*Task*.
Once you reach the line containing "Old church in a village", return it and every line after it exactly, through the end of the records below, with no pictures.

(Collection entries)
* * *

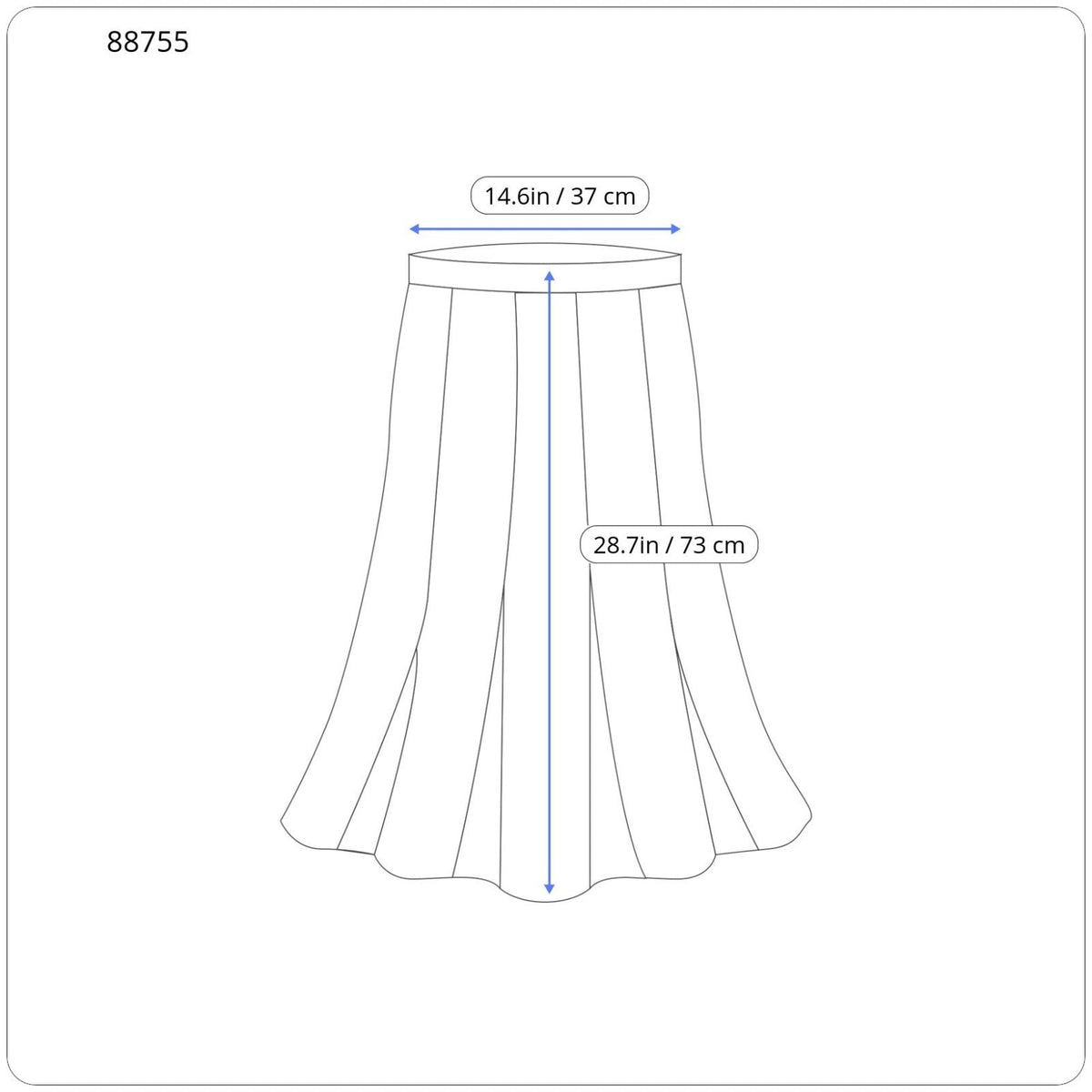 Skirt Fal Dora
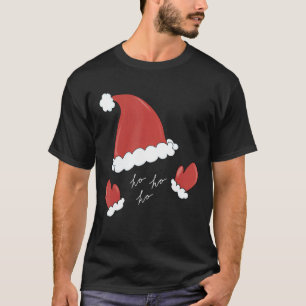 T-shirt Santa Hat Mittens Hohoho Douleur moche Appar Famil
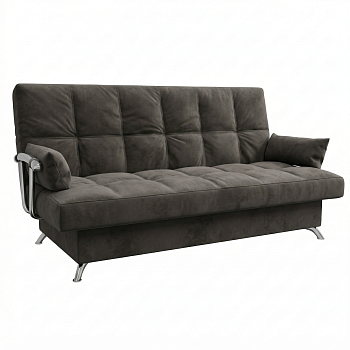 Диван Финка ДК с хром.бок. прямой Тк.Боска VL-1912-05 (мокко) 1 кат Апогей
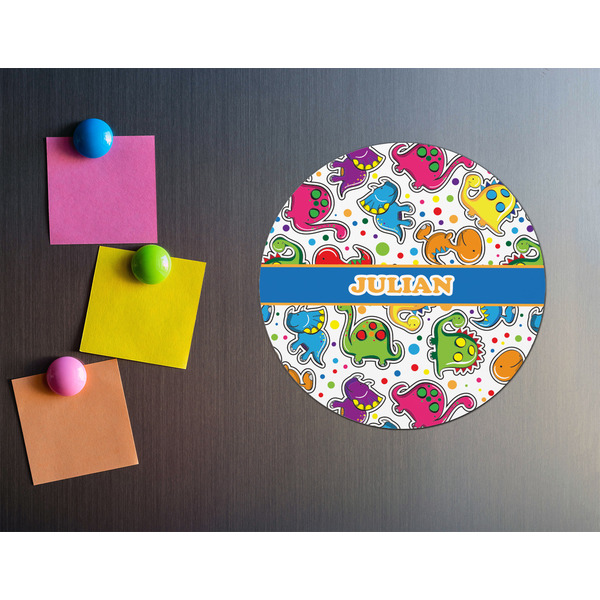 Dinosaur Print Round Fridge Magnet - LIFESTYLE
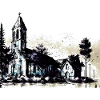 Old church in a village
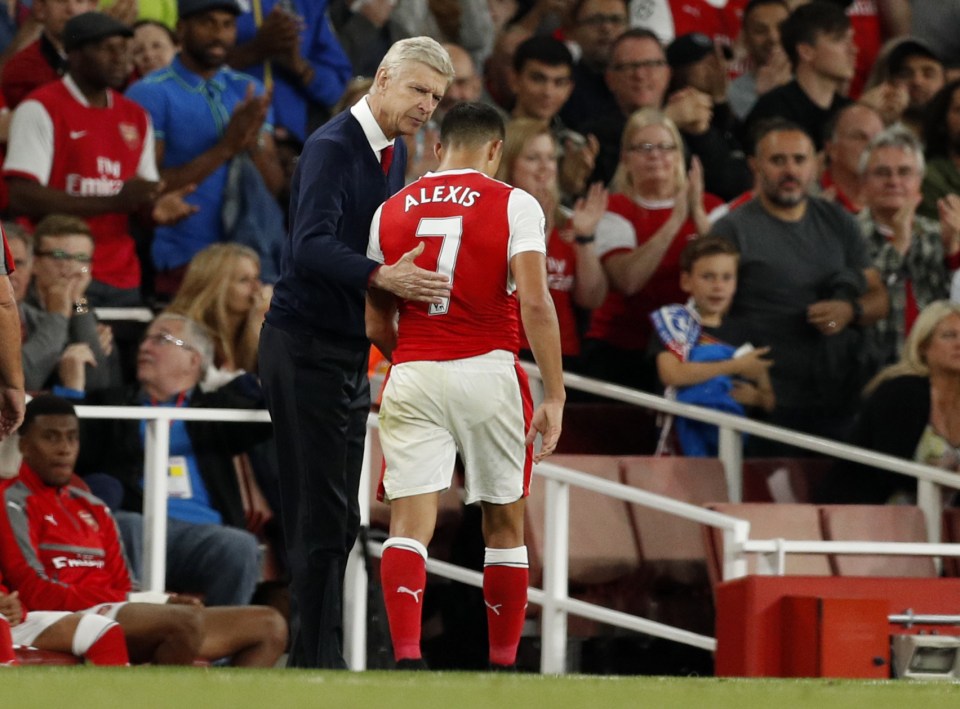 Arsenal manager Arsene Wenger has praised star man Alexis Sanchez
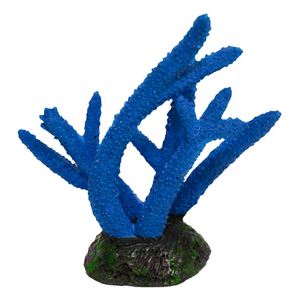 Pets Animals: Coral Aquarium Decoration - Blue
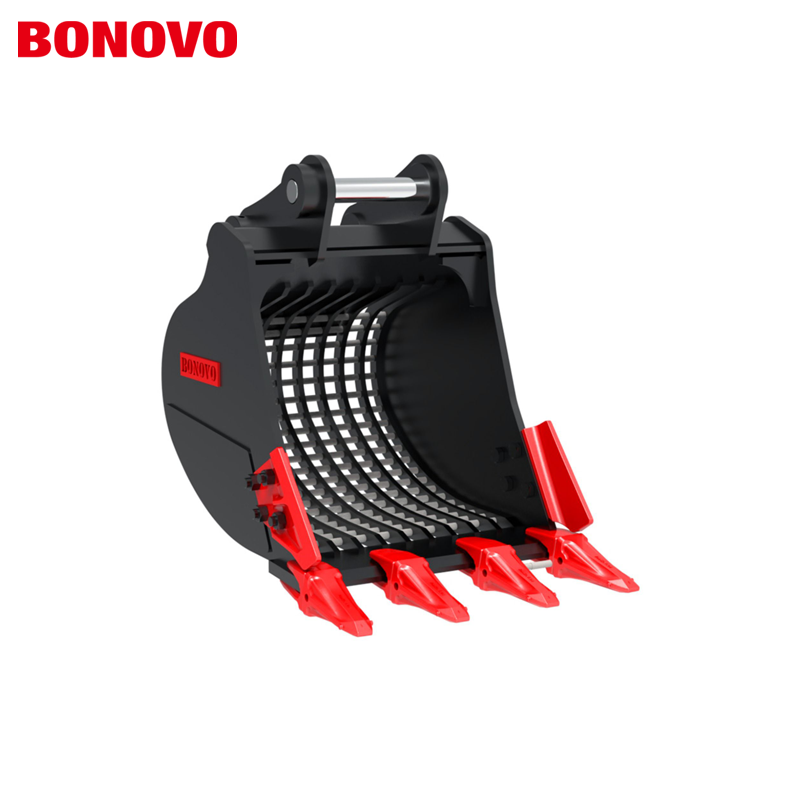 BONOVO RS15 Sieve Bucket for 12–18 Ton Excavators – Durable Skeleton Sorting Bucket 30
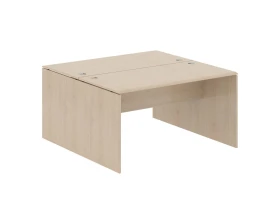 Рабочая станция 2-х местная 1400х1406х750 Вейв / Wave images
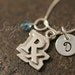 Hand Stamped Sterling Silver Pharmacist RX Charm Necklace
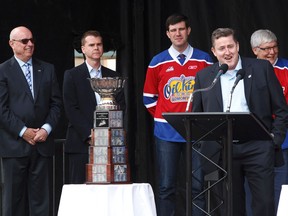 Former Oil Kings coach Derek Laxdal still follows his old team (Mike Hensen, QMI Agency).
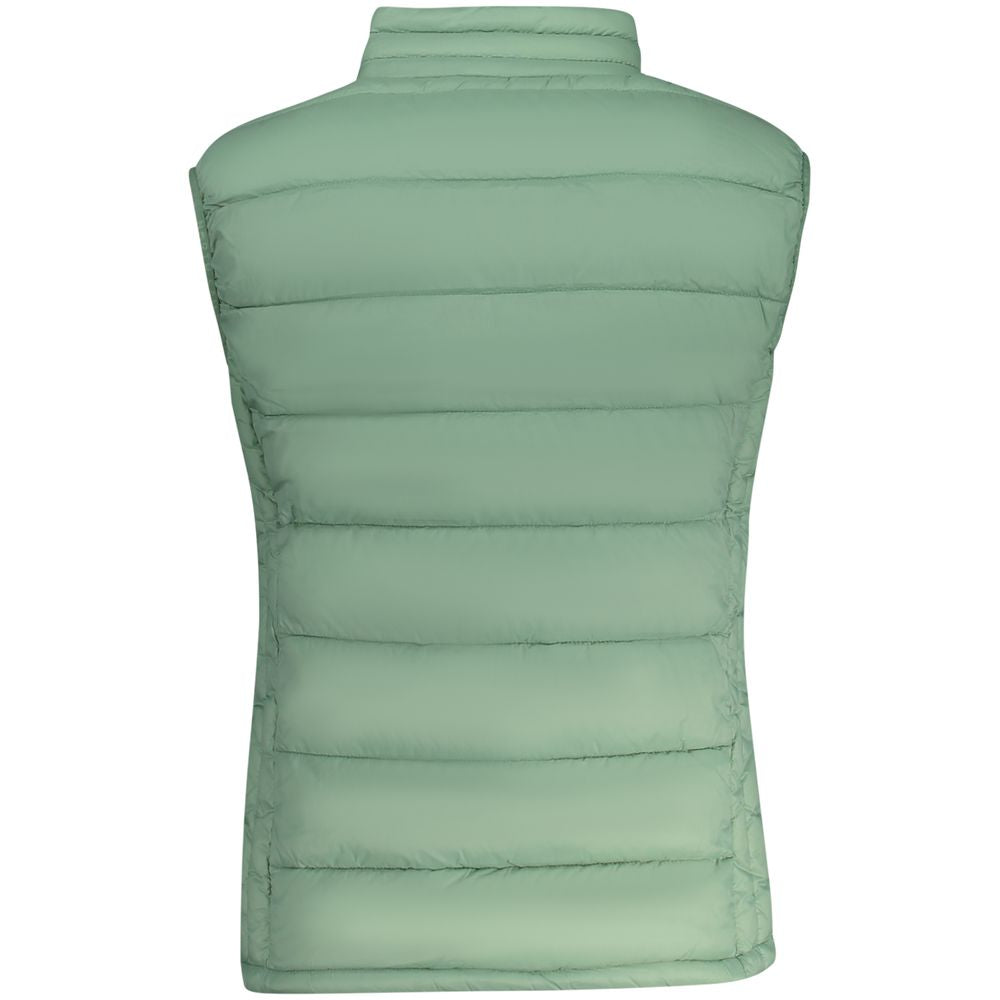 North Sails Verde Poliammide Woman Vest showing its lightweight fabric and stylish design, ideal for sailing and outdoor activities.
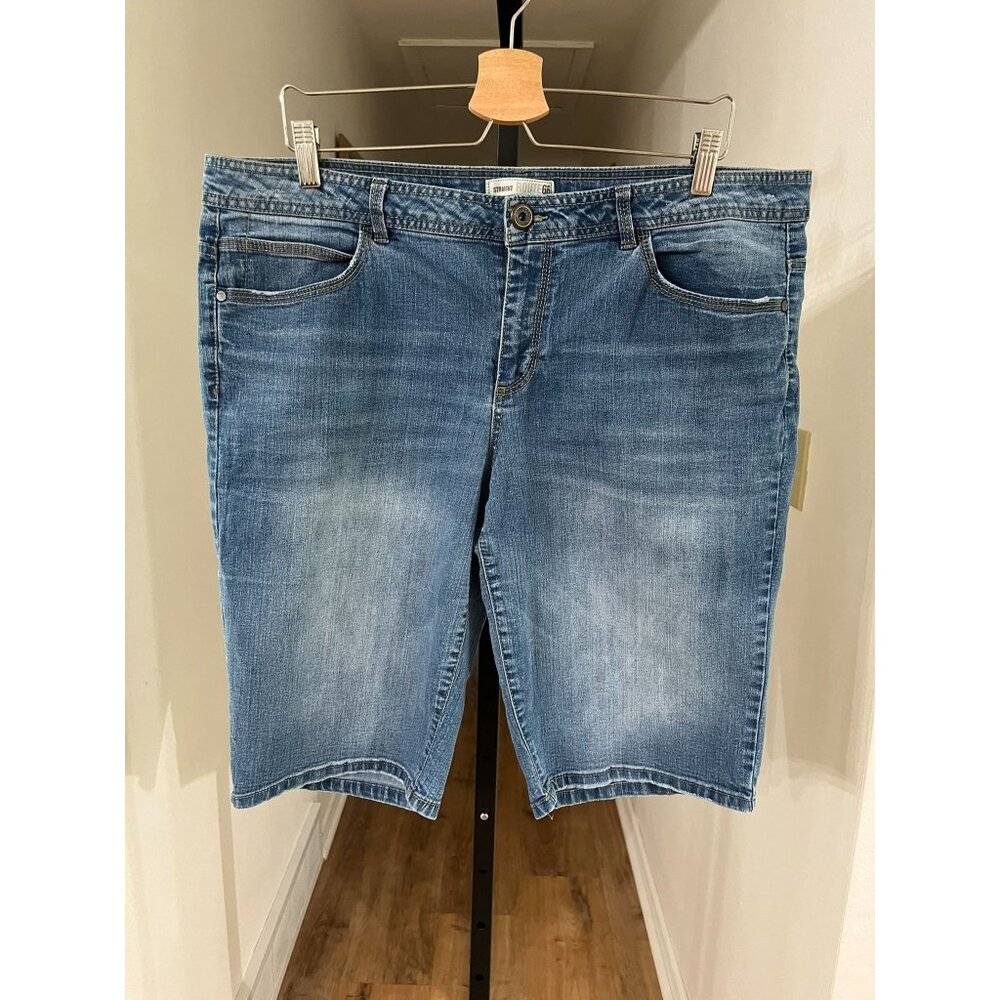 EUC Route 66 Denim Classic Fit Bermuda Jean Shorts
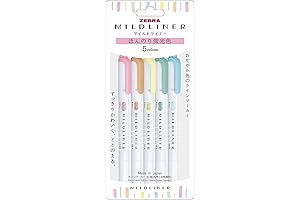 ZEBRA Mildliner Highlighter Set: Pastel Brilliance for Note-taking and Art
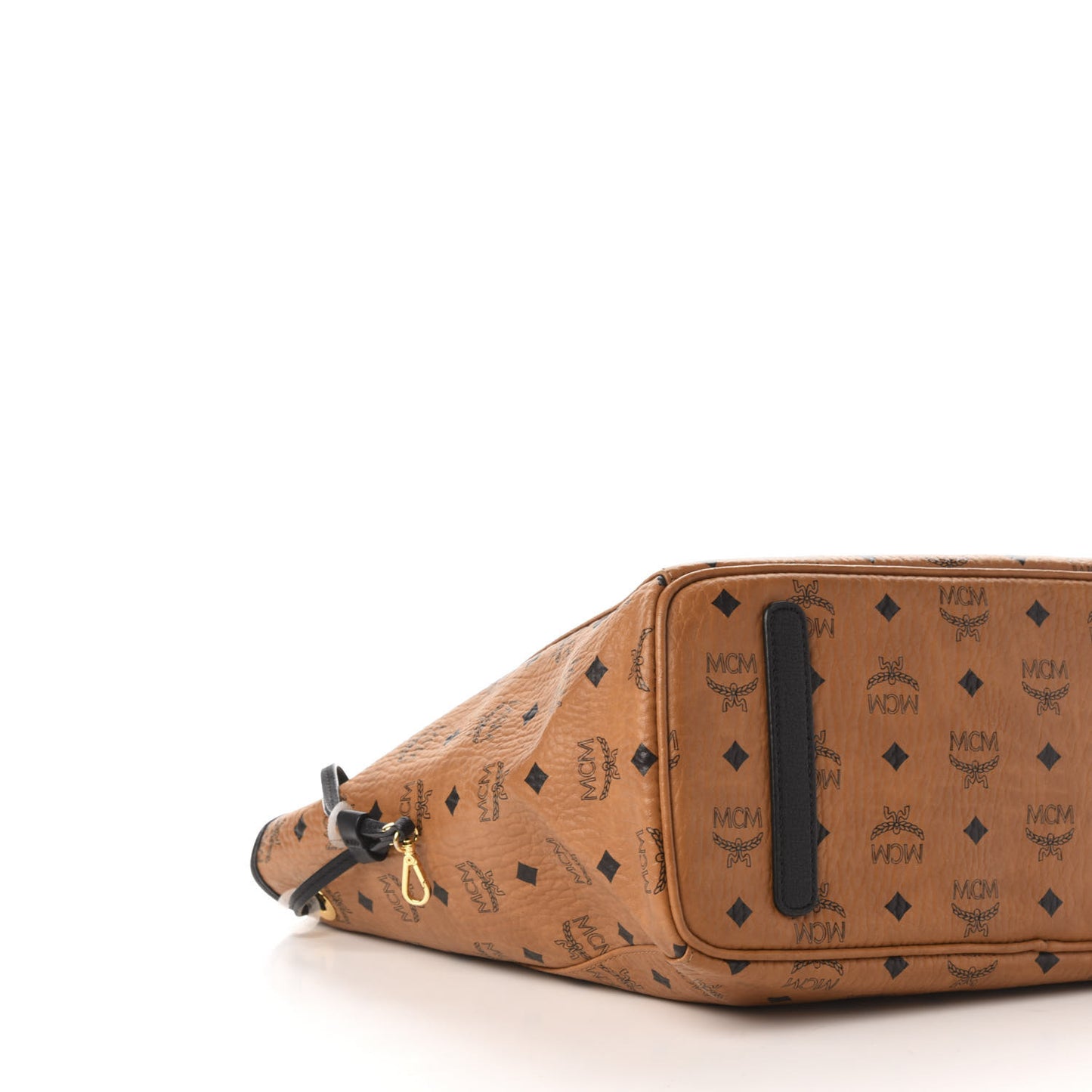 Visetos Medium Project Reversible Shopper Tote Cognac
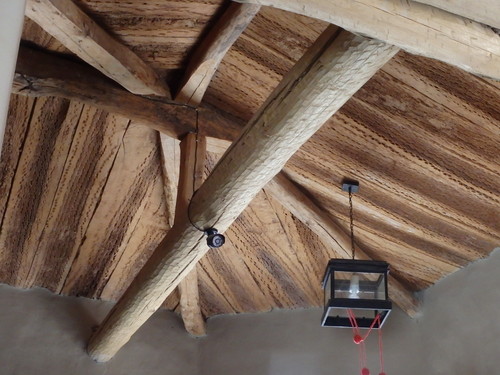 The Roof material is dried Pasacana Cactus wood.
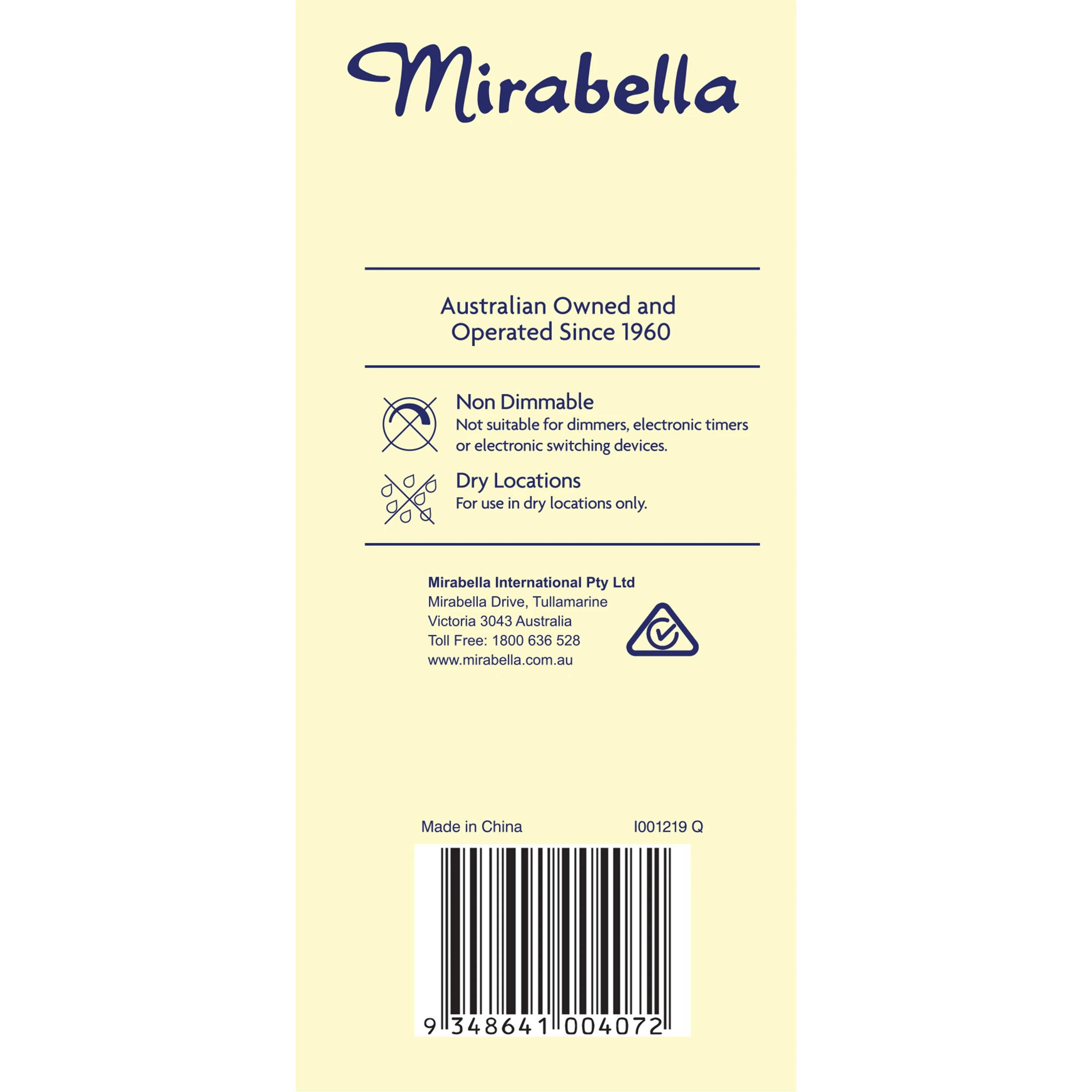 5 I001219 Mirabella LED ST58 Filament Amber ES 2W 150 Lumen - Multi, 5 of 5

* * *

*Output of the exercise*.
 Old church in a village
 Arsenal manager Arsene Wenger has praised star man Alexis Sanchez
 Pets Animals: Coral Aquarium Decoration - Blue
 BONOVO RS15 Sieve Bucket for 12–18 Ton Excavators – Durable Skeleton Sorting Bucket 30
 Рабочая станция 2-х местная 1400х1406х750 Вейв / Wave images
 Hand Stamped Sterling Silver Pharmacist RX Charm Necklace
 Former Oil Kings coach Derek Laxdal still follows his old team (Mike Hensen, QMI Agency).
 North Sails Verde Poliammide Woman Vest showing its lightweight fabric and stylish design, ideal for sailing and outdoor activities.
 EUC Route 66 Denim Classic Fit Bermuda Jean Shorts
 ZEBRA Mildliner Highlighter Set: Pastel Brilliance for Note-taking and Art
 Visetos Medium Project Reversible Shopper Tote Cognac
 The Roof material is dried Pasacana Cactus wood.
 5 I001219 Mirabella LED ST58 Filament Amber ES 2W 150 Lumen - Multi, 5 of 5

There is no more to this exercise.